In the material below, repeat only the lines from the one that holds "Blouson de seconde" through the final line, exactly as they stand.

----- MATERIAL SUPPLIED -----

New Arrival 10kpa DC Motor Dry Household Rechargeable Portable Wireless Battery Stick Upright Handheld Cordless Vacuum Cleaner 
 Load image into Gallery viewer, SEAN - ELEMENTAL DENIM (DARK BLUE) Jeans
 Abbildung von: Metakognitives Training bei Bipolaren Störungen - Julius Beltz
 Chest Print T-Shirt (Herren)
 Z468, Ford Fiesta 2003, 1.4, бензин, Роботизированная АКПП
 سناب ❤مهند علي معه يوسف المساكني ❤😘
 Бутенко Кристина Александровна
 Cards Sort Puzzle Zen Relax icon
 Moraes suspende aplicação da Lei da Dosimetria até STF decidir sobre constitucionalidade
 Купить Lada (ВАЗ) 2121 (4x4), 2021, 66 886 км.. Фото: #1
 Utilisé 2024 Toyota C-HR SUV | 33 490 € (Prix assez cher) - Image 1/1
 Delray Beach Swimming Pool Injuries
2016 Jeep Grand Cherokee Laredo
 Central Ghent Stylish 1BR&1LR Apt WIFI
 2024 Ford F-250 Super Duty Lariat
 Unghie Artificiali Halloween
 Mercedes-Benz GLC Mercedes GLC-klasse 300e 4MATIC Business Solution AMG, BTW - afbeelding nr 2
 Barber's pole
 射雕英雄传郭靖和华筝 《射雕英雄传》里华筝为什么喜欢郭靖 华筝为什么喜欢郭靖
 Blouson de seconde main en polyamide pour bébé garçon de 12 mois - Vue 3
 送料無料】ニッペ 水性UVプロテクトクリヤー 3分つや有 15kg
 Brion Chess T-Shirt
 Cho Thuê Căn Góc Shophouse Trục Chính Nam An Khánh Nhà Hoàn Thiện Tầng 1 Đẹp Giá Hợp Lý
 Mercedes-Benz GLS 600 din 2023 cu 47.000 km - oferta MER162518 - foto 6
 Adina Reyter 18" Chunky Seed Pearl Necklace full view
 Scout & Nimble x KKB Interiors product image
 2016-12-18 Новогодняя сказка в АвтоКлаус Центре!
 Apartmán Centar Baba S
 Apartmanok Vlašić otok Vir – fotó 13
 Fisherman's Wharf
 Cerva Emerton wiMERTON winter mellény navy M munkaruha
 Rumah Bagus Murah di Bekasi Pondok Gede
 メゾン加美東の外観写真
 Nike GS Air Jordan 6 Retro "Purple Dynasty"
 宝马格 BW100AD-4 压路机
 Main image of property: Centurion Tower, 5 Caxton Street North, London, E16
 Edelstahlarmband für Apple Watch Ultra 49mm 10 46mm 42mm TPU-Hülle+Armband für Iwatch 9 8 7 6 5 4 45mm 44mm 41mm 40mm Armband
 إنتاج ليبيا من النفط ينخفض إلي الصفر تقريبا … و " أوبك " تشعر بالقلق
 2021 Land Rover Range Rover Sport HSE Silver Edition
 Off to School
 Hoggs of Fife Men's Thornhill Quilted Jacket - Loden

-----

**YOUR SOLUTION:**
 Blouson de seconde main en polyamide pour bébé garçon de 12 mois - Vue 3
 送料無料】ニッペ 水性UVプロテクトクリヤー 3分つや有 15kg
 Brion Chess T-Shirt
 Cho Thuê Căn Góc Shophouse Trục Chính Nam An Khánh Nhà Hoàn Thiện Tầng 1 Đẹp Giá Hợp Lý
 Mercedes-Benz GLS 600 din 2023 cu 47.000 km - oferta MER162518 - foto 6
 Adina Reyter 18" Chunky Seed Pearl Necklace full view
 Scout & Nimble x KKB Interiors product image
 2016-12-18 Новогодняя сказка в АвтоКлаус Центре!
 Apartmán Centar Baba S
 Apartmanok Vlašić otok Vir – fotó 13
 Fisherman's Wharf
 Cerva Emerton wiMERTON winter mellény navy M munkaruha
 Rumah Bagus Murah di Bekasi Pondok Gede
 メゾン加美東の外観写真
 Nike GS Air Jordan 6 Retro "Purple Dynasty"
 宝马格 BW100AD-4 压路机
 Main image of property: Centurion Tower, 5 Caxton Street North, London, E16
 Edelstahlarmband für Apple Watch Ultra 49mm 10 46mm 42mm TPU-Hülle+Armband für Iwatch 9 8 7 6 5 4 45mm 44mm 41mm 40mm Armband
 إنتاج ليبيا من النفط ينخفض إلي الصفر تقريبا … و " أوبك " تشعر بالقلق
 2021 Land Rover Range Rover Sport HSE Silver Edition
 Off to School
 Hoggs of Fife Men's Thornhill Quilted Jacket - Loden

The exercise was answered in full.